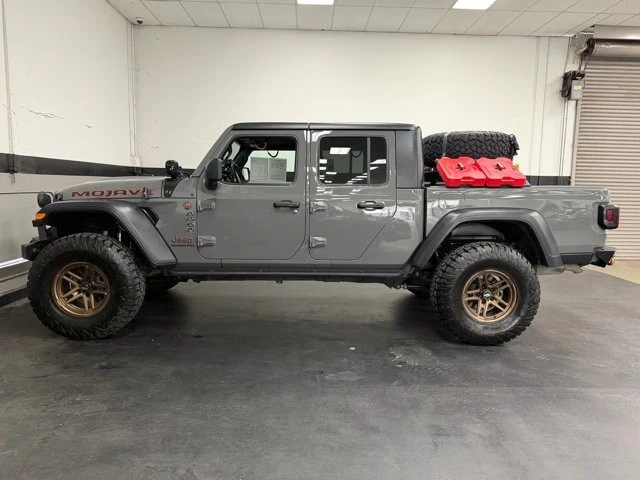 2021 Jeep JT Gladiator - Image 9 of 31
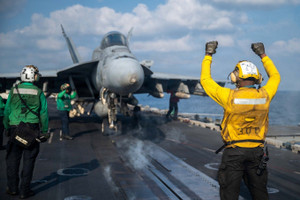 Mỹ sắp mở chiến dịch tấn công lớn nhất vào Iran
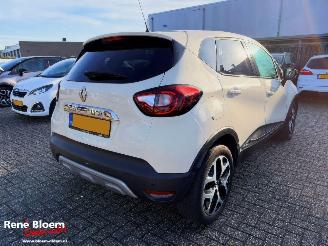 škoda osobní automobily Renault Captur 1.3 TCE Intens 131pk 2019/5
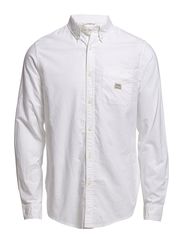 Denim & Supply Ralph Lauren LS ONE PKT SHIRT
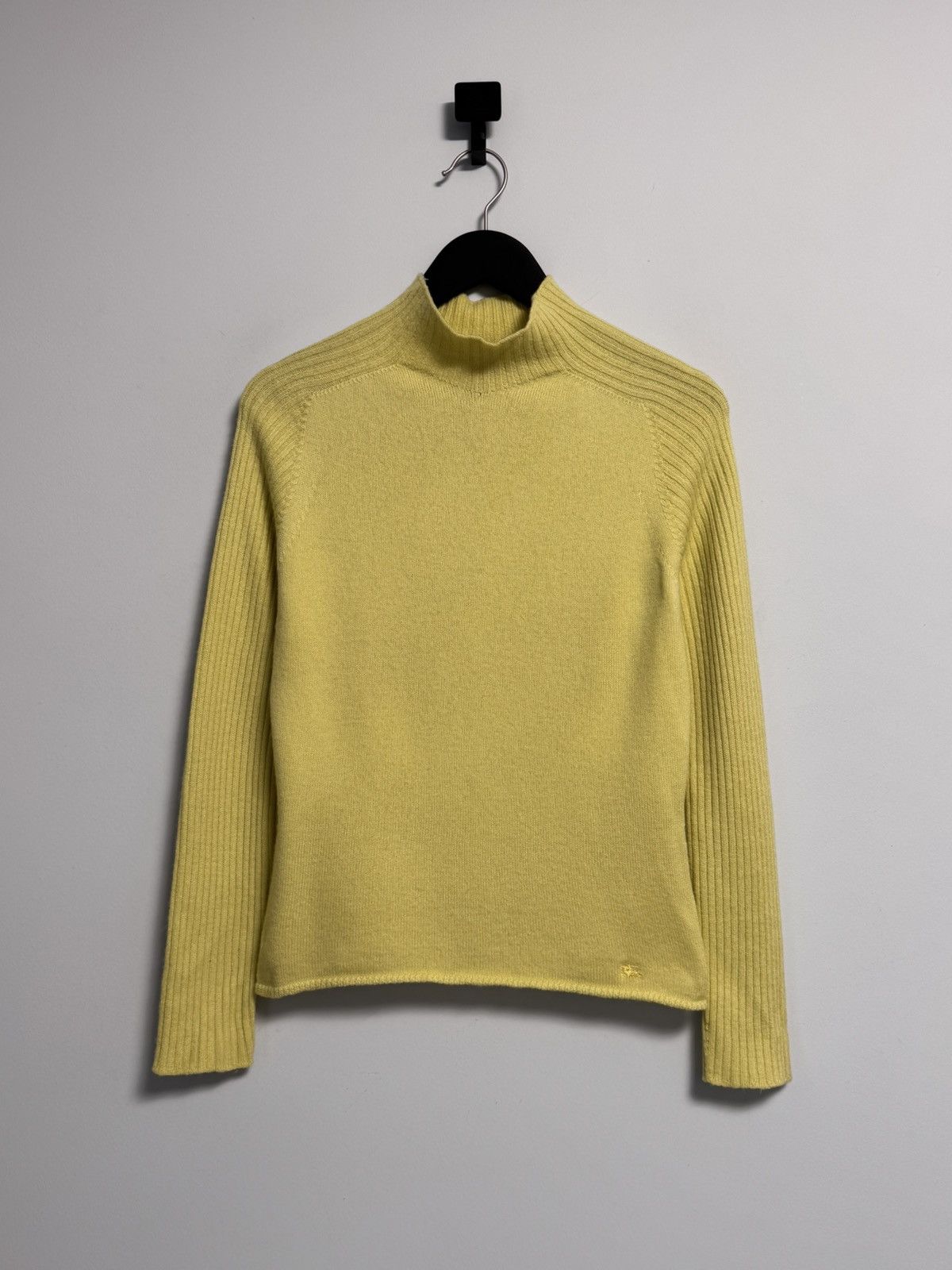 Burberry Burberry Sweatshirt Golf Size M / US 6-8 / IT 42-44 - 1 Thumbnail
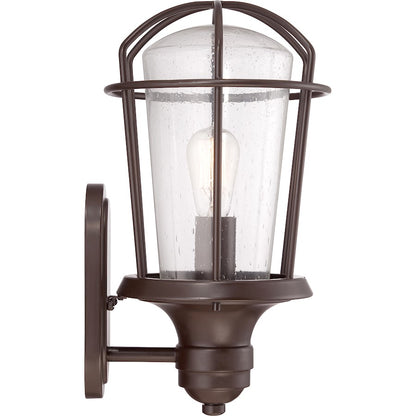 Outdoor Wall Lantern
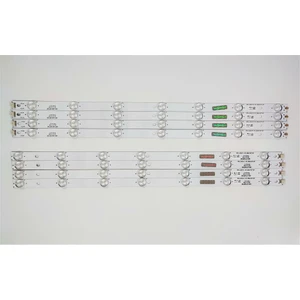 55" Tv LED | MS-L1312-L | SN055LDU851-2H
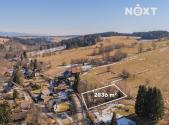 Prodej pozemku pro bydlení, 2 036 m²
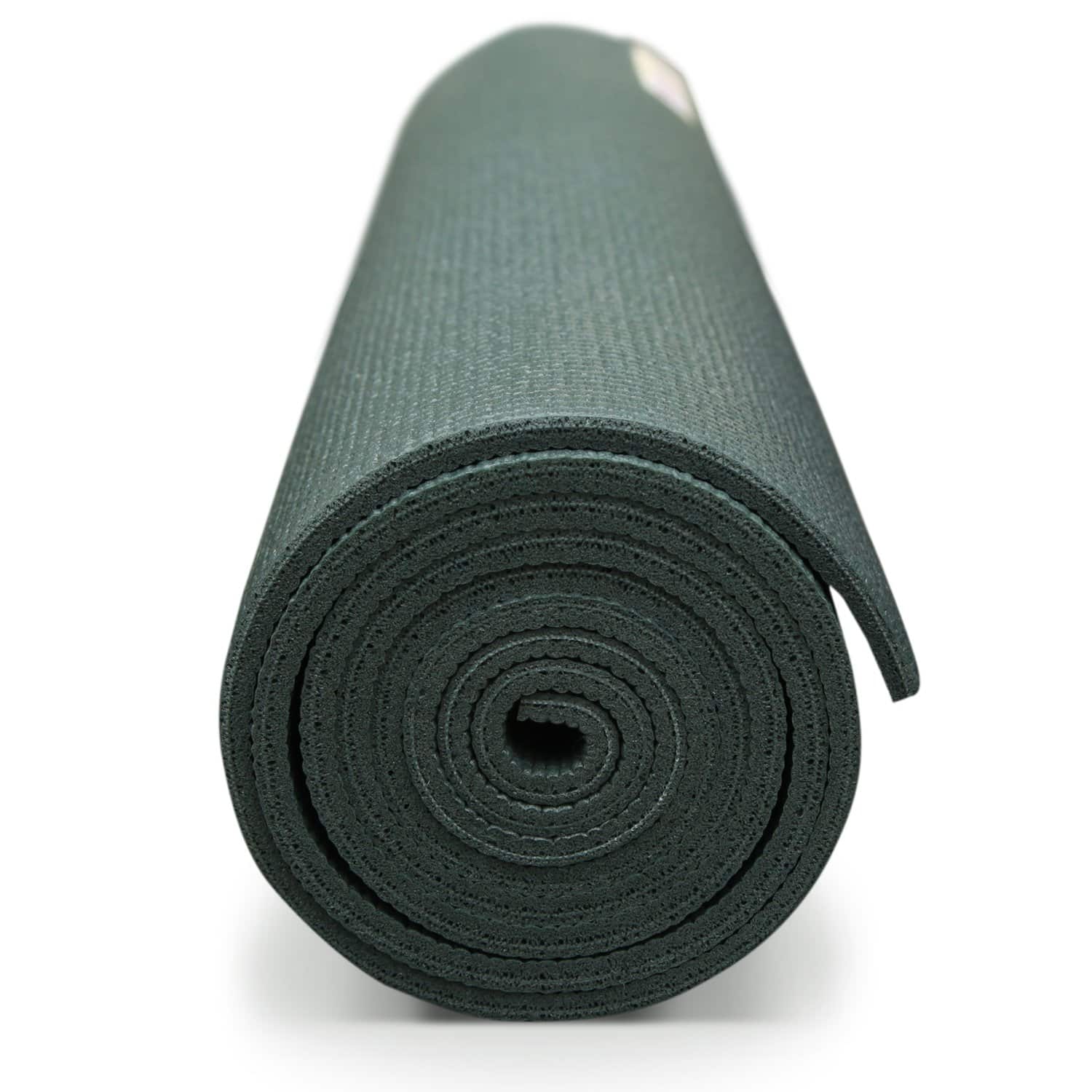 Tapete de Yoga AURORAE Classic/Printed -Verde Camerone - Imagen 4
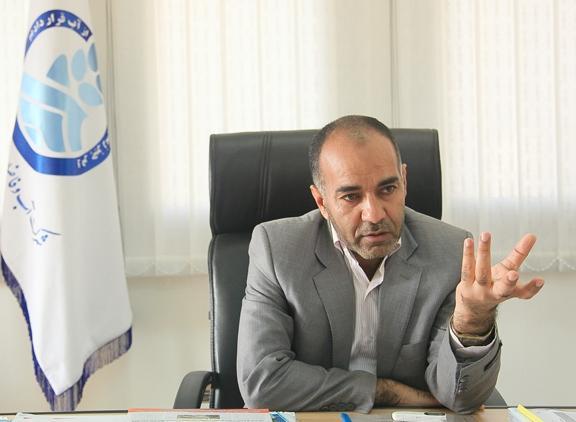 آبشیرین کن ها 6 درصد آب استان بوشهر را تامین می نمایند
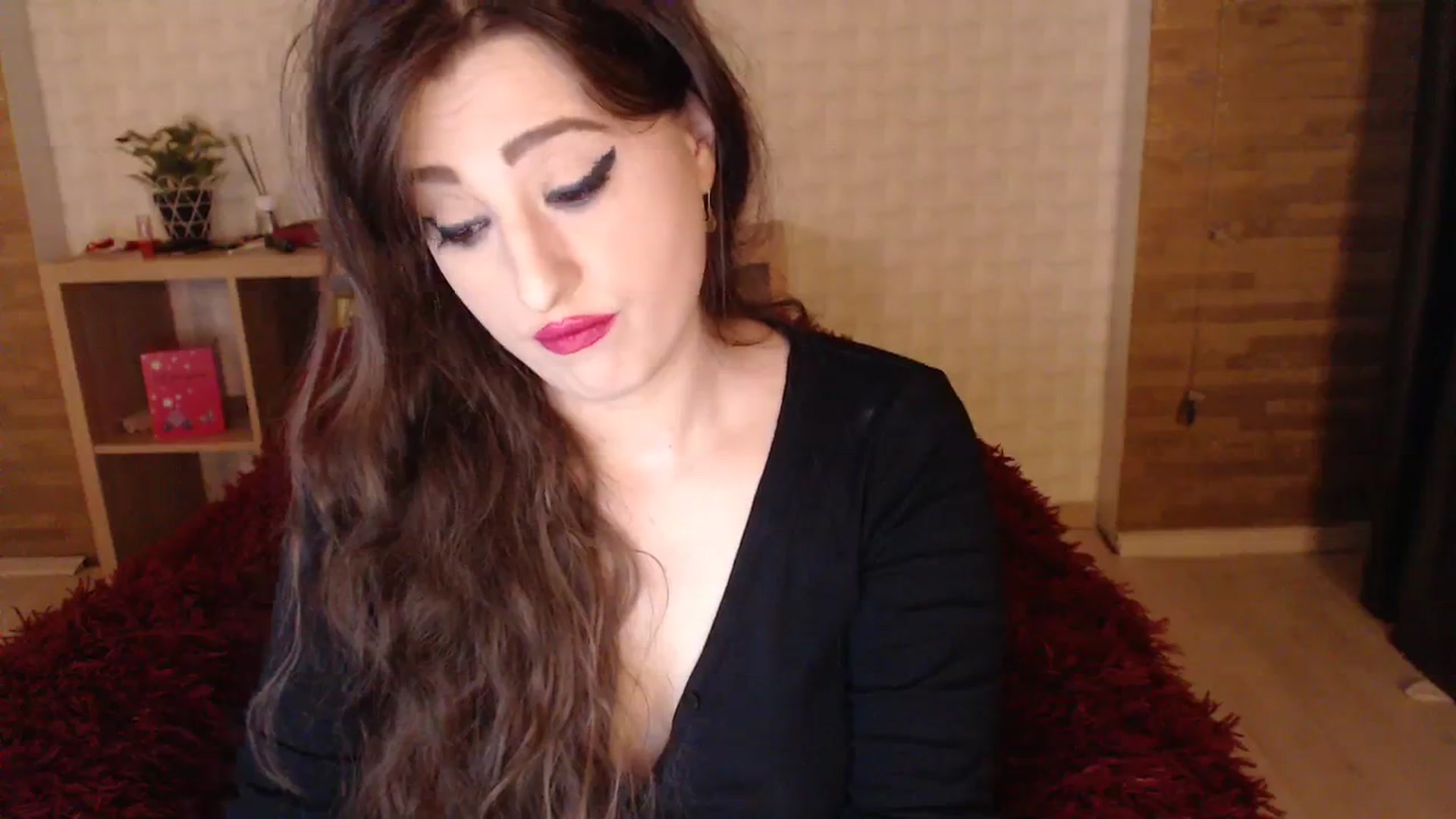 Gallery image thumbnail from HotRebbecca's myfreecams stream on, 09/29/2023, 04:28 image 18 of 20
----------------------------------------
When you reach the line that contains "Mỹ sắp mở chiến" in the records above, copy it and every line after it exactly through the last one, leaving out the pictures.

 Mỹ sắp mở chiến dịch tấn công lớn nhất vào Iran
 škoda osobní automobily Renault Captur 1.3 TCE Intens 131pk 2019/5
 Denim & Supply Ralph Lauren LS ONE PKT SHIRT
 Burberry Burberry Sweatshirt Golf Size M / US 6-8 / IT 42-44 - 1 Thumbnail
 Outdoor Wall Lantern
 55" Tv LED | MS-L1312-L | SN055LDU851-2H
 Prodej pozemku pro bydlení, 2 036 m²
 Tapete de Yoga AURORAE Classic/Printed -Verde Camerone - Imagen 4
 آبشیرین کن ها 6 درصد آب استان بوشهر را تامین می نمایند
 Gallery image thumbnail from HotRebbecca's myfreecams stream on, 09/29/2023, 04:28 image 18 of 20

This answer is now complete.